Go to start, run, type cmd, and press enter.  In the black box (the command prompt) type shutdown and the switches you want to use with the shutdown command.  You have to use at least one switch for the shutdown command to work.

The shutdown command has a few options called switches.  You can always see them by typing shutdown -? in the command prompt if you forget any of them.
-i: Display GUI interface, must be the first option
-l: Log off (cannot be used with -m option)
-s: Shutdown the computer
-r: Shutdown and restart the computer
-a: Abort a system shutdown
-m \\computername: Remote computer to shutdown/restart/abort
-t xx: Set timeout for shutdown to xx seconds
-c “comment”: Shutdown comment (maximum of 127 characters)
-f: Forces running applications to close without warning
-d [u][p]:xx:yy: The reason code for the shutdown u is the user code p is a planned shutdown code xx is the major reason code (positive integer less than 256) yy is the minor reason code (positive integer less than 65536)

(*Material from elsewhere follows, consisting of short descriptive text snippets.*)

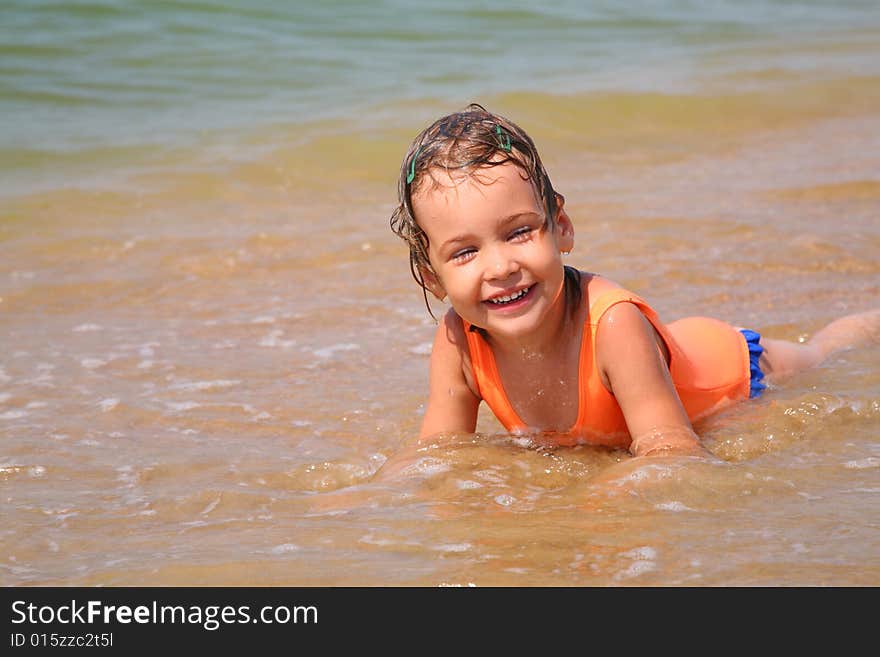 Little girl lies in waves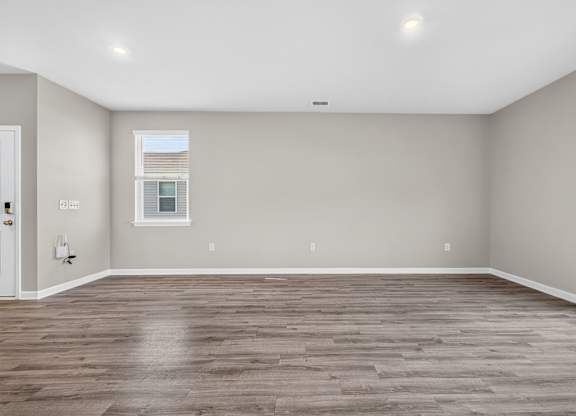 A room with wooden flooring and a window.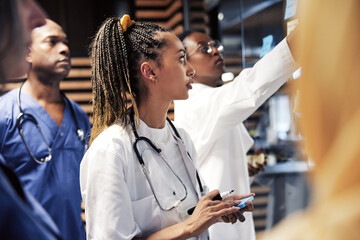 Wall Mural - Young doctors brainstorming together using sticky notes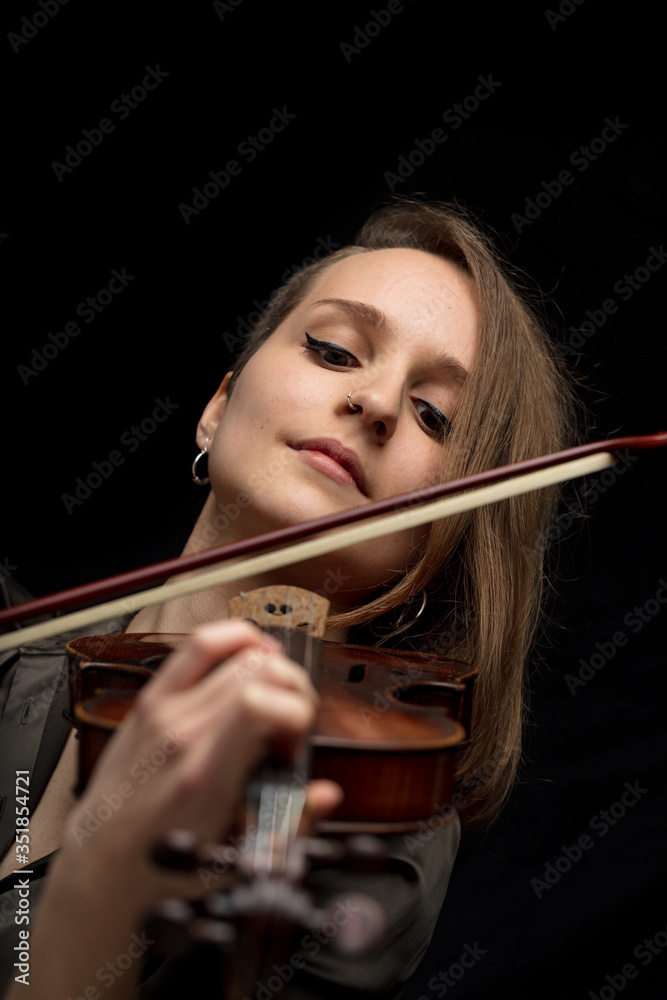 Dedicated passionate professional female violinist Dedicated passionate professional female violinist
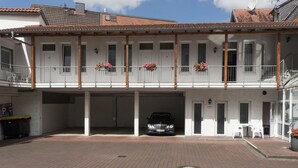 A two-story building with a covered entrance and a car parked inside. - Hotel Holländischer Hof (Lich)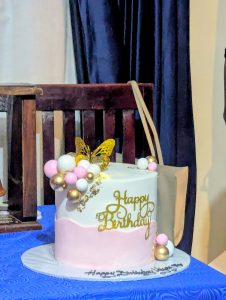 A white and pink birthday cake with "Happy Birthday" in gold script. 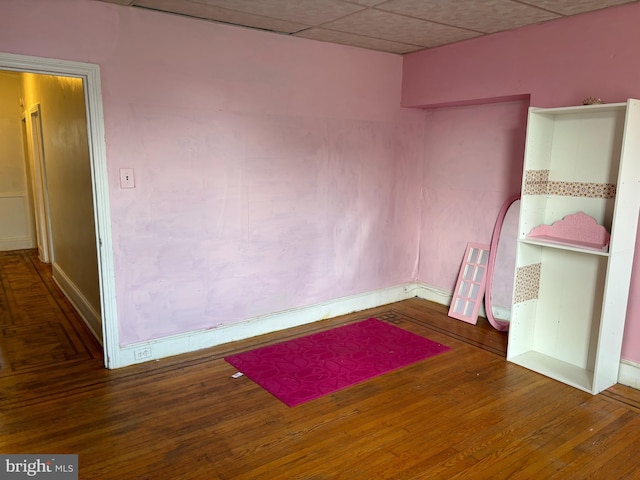 unfurnished room with dark hardwood / wood-style floors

Note - I’ve noticed using a switch with a – sign doesn’t work sometimes. If you are having trouble try using a / in place of – in your switches.

   2.   Dialog Window


Type shutdown -i and press enter.  A window similar to the one below will popup.
Add Computer or List of computers by clicking Add button.







Given figure is an example for shutting down a computer  after displaying warning message 20 seconds for its users.

Note - To execute shutdown down command user should have administrative privileges in resulting computer.